Things to keep in mind when writing tests

So you're convinced that testing is a good idea and want to write some tests! Here are some things to keep in mind as you do so.

Test code is still code

Just like production code, test code will be read and maintained by other engineers. It should be just as understandable as production code – documentation is still important! Writing descriptive test names makes it easier for other engineers (and your future self) to understand what's being tested. Try to name tests with a structure similar to test_{expected behavior}_for_{scenario}, such as the example mentioned above (test_returns_404_for_deleted_request).

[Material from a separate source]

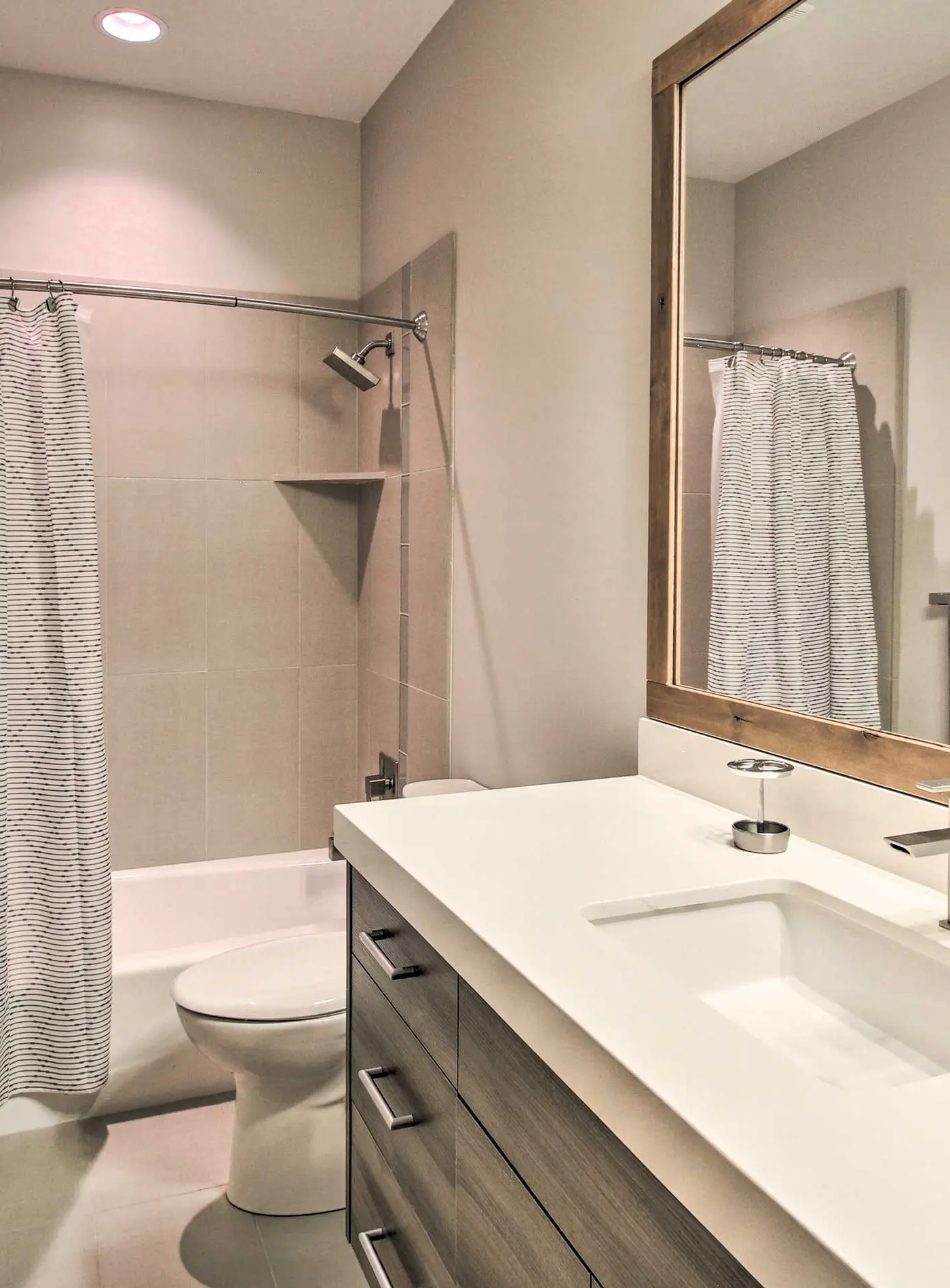 Modern Townhome w/ Mtn Views < 7 Mi to Ski Resorts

Test code should be simple

When working in a complex code base, tests will often require a decent amount of "set up" code. Break out common setup into helper methods, and leave test methods as simple as possible. A short test_ method lets the reader of the code focus on what's specific to that test. Similarly, test code should be as linear as possible – as a rule of thumb, try to limit the amount of indentation in a test. if statements, for or while loops, and other control flow add complexity to your test code, and should generally be avoided [0].

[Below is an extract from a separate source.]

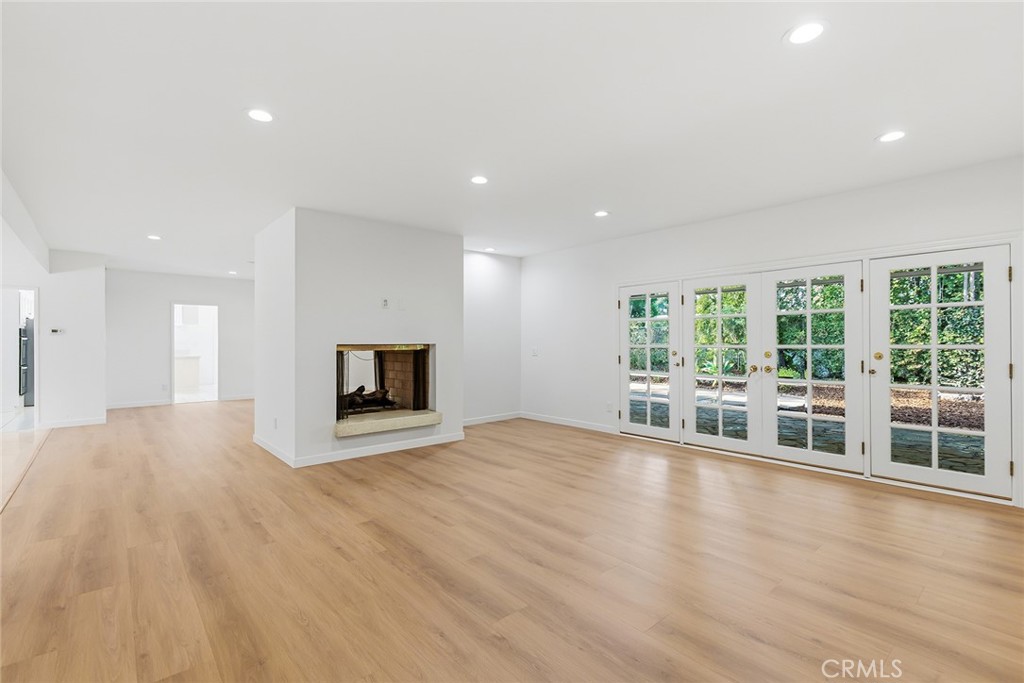 11400 Dona Lola Drive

Tests should focus on functionality, not implementation details

It's tempting to want to write tests that check every little bit of how your code works. Tests that focus on implementation as opposed to functionality can slow down future engineers. If your code exposes some set of public methods, those are the methods that should be tested; not the way that those methods actually work under the hood. For example, if a class stores some state in a heap, a user of that class shouldn't need to know that. If that class is refactored to use an array instead, your tests shouldn't fail!

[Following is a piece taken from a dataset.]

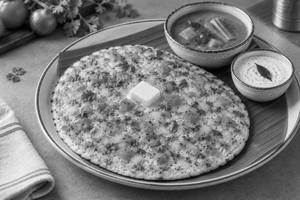 Butter Onion Tomato Uttapam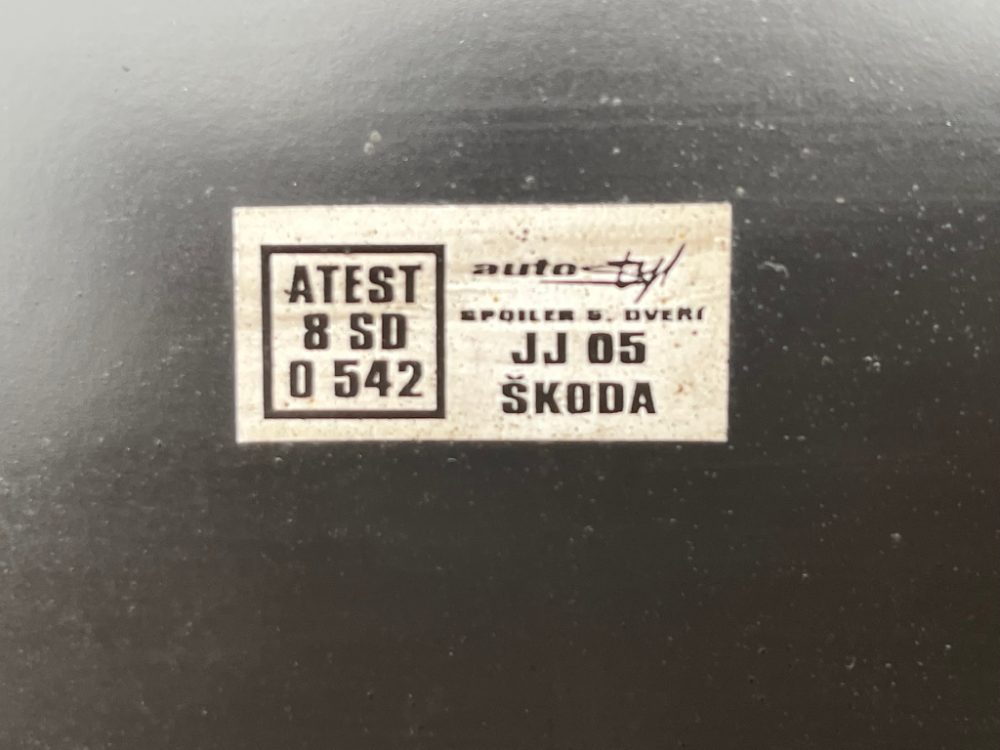 Zadní spojler FAVORIT - FORMAN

A "Change-detector" test is another example of a well-intentioned test that makes your code more difficult to work with in the future. Avoid testing how your code works, and instead focus on what functionality your code provides.

Dependencies should be injected

We love dependency injection here at Thumbtack [1]. There are quite a few reasons to use dependency injection, but let’s consider its benefits for testing with a simple example. Say your code sometimes [2] triggers the sending of an email to a user – in testing, we definitely don't want a real email to be sent! Injecting the dependency of an "email sender" allows us to write a test that ensures our code would send an email in production code, but doesn't actually do so in our test. Creating a “test double” to use instead of a real email sender enables us to verify the functionality of the class we are testing. In this case, we’ll create a “stub” email sender that stores the emails it has “sent”, and check its state after our code has run [3].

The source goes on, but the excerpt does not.